* Work to be completed *
Restate every line of the data word for word, except for the images.

* Data for processing *
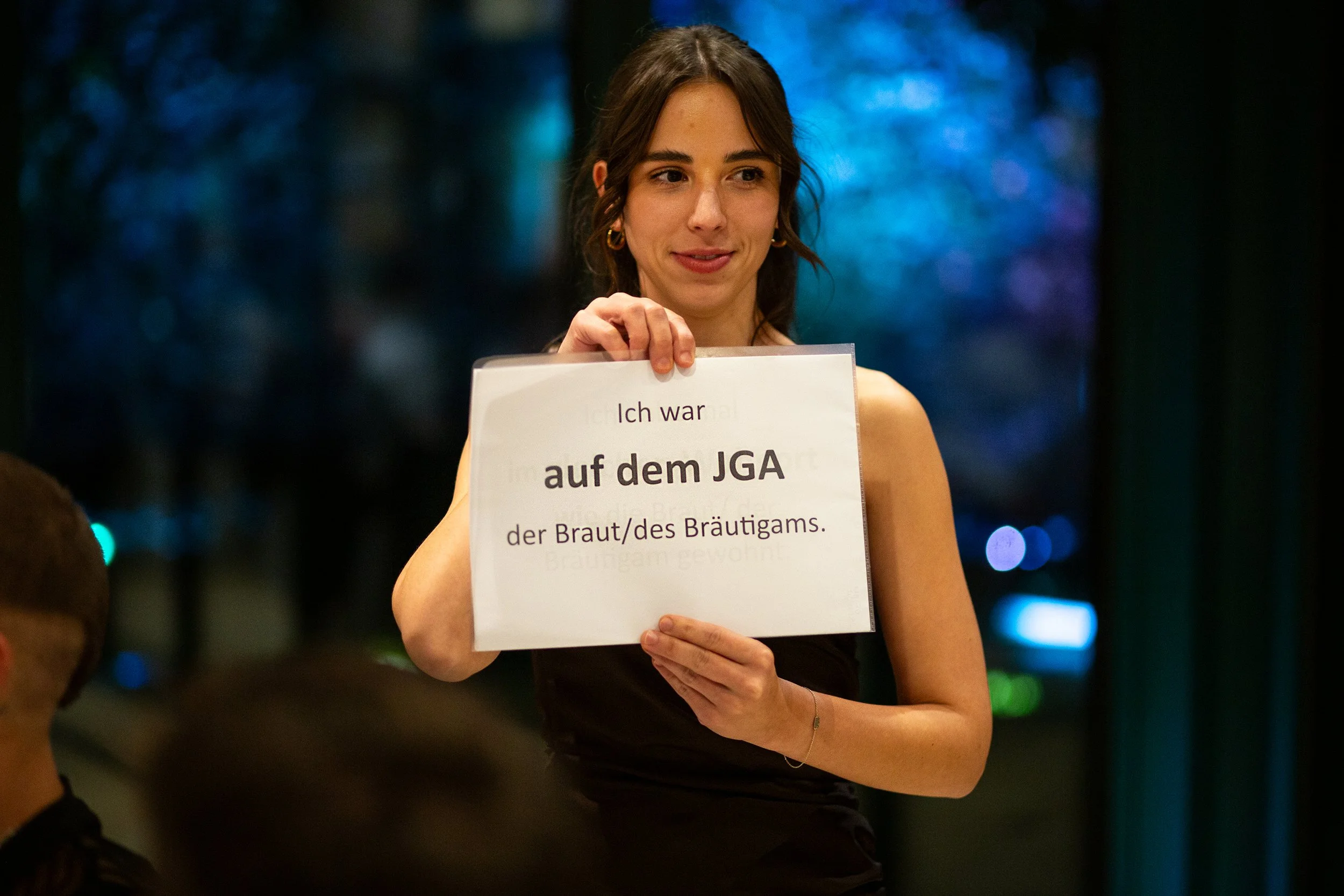 IMG_1455 Kopiemin.jpg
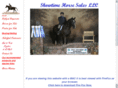 showtimehorsesales.com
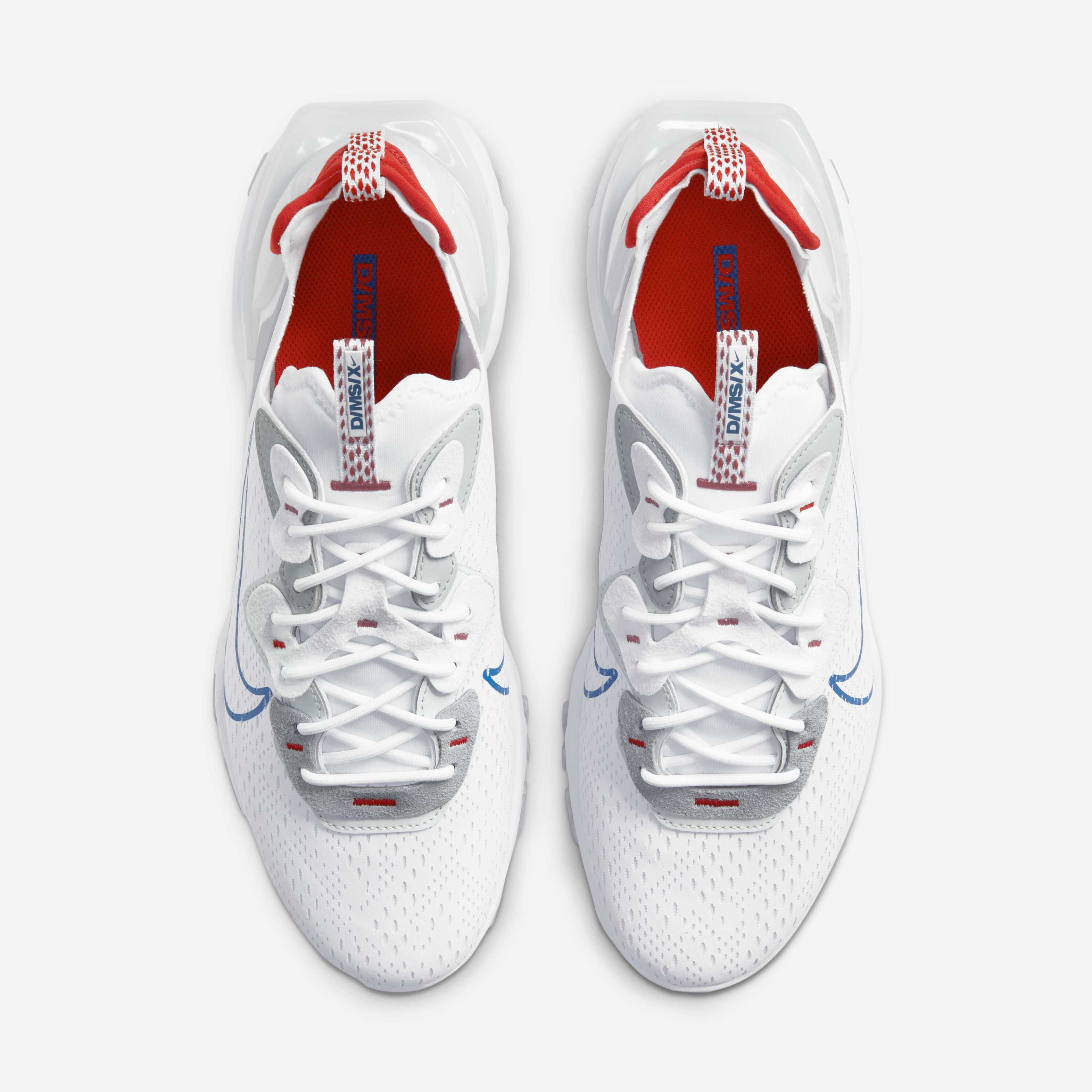 نايكي رياكت فيجن image number 3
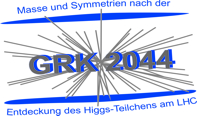 GRK2044.jpg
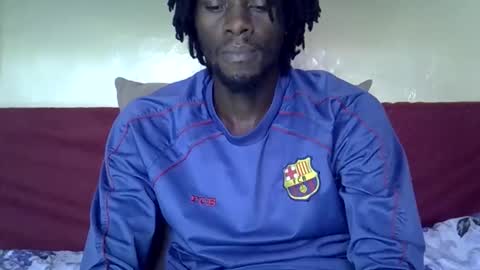 Snapshot of jkings_ chatting on 27, 2, 2026 King online show from 27, 2, 2026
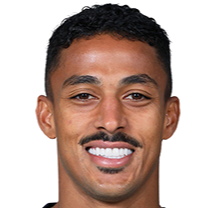 https://img.whysmold.com/img/football/player/99875ae51cafef27ca172298ee11e341.png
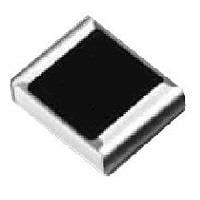 15Pcs CRF1206-FZ-R002ELF Current Sense Resistors - SMD .002ohms 1% 500mW TC50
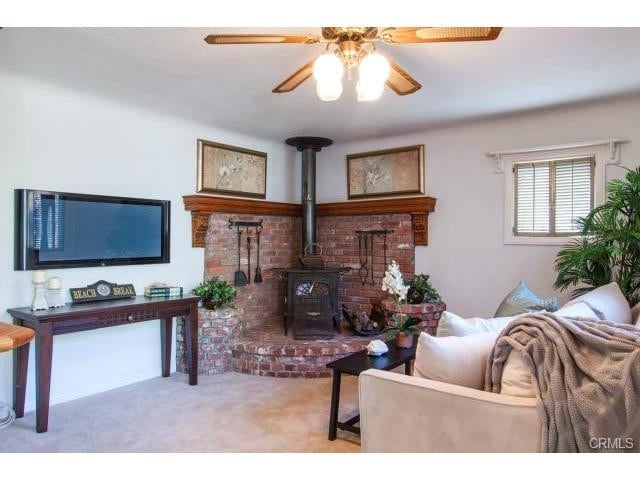 1015 Spencer St unit 1, Redondo Beach, CA 90277 - photo 5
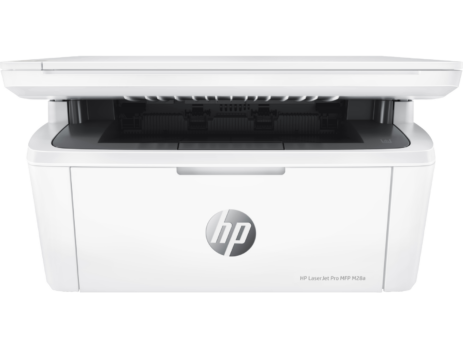 HP Laserjet Pro MFP m28a Printer Price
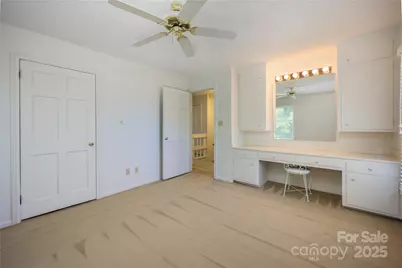 6350 Roscoe Road, Denton, NC 27239 - Photo 29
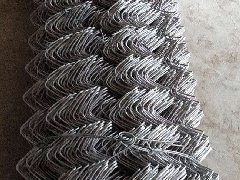 三.功能網系列.席型網帶（反差網）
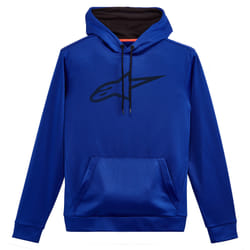 Alpinestars 1232-51500-7910-2XL sweatshirt et pull à capuche Sweat à capuche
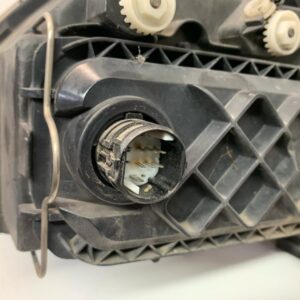 FARO DERECHO LANCIA MUSA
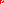 Destellos dst-945161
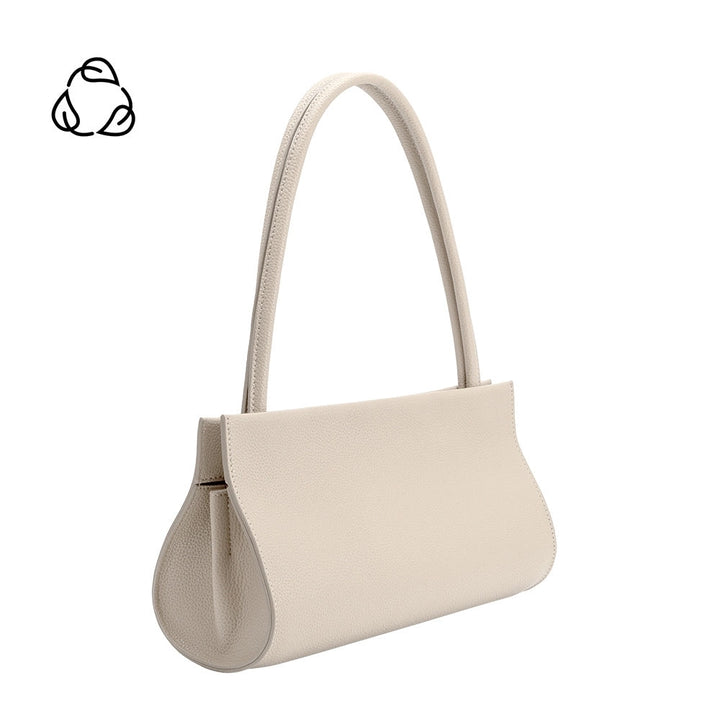 RYLEIGH SHOULDER BAG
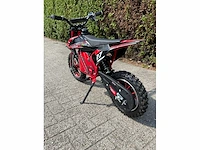 Ultra mini crosser 1000w - afbeelding 13 van  28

* Written answer *
 IMG_1455 Kopiemin.jpg
 showtimehorsesales.com
 نايكي رياكت فيجن image number 3
 GRK2044.jpg
 Snapshot of jkings_ chatting on 27, 2, 2026 King online show from 27, 2, 2026
 https://img.whysmold.com/img/football/player/99875ae51cafef27ca172298ee11e341.png
 15Pcs CRF1206-FZ-R002ELF Current Sense Resistors - SMD .002ohms 1% 500mW TC50
 1015 Spencer St unit 1, Redondo Beach, CA 90277 - photo 5
 HP Laserjet Pro MFP m28a Printer Price
 6350 Roscoe Road, Denton, NC 27239 - Photo 29
 三.功能網系列.席型網帶（反差網）
 Alpinestars 1232-51500-7910-2XL sweatshirt et pull à capuche Sweat à capuche
 FARO DERECHO LANCIA MUSA
 Destellos dst-945161
 RYLEIGH SHOULDER BAG
 Ultra mini crosser 1000w - afbeelding 13 van  28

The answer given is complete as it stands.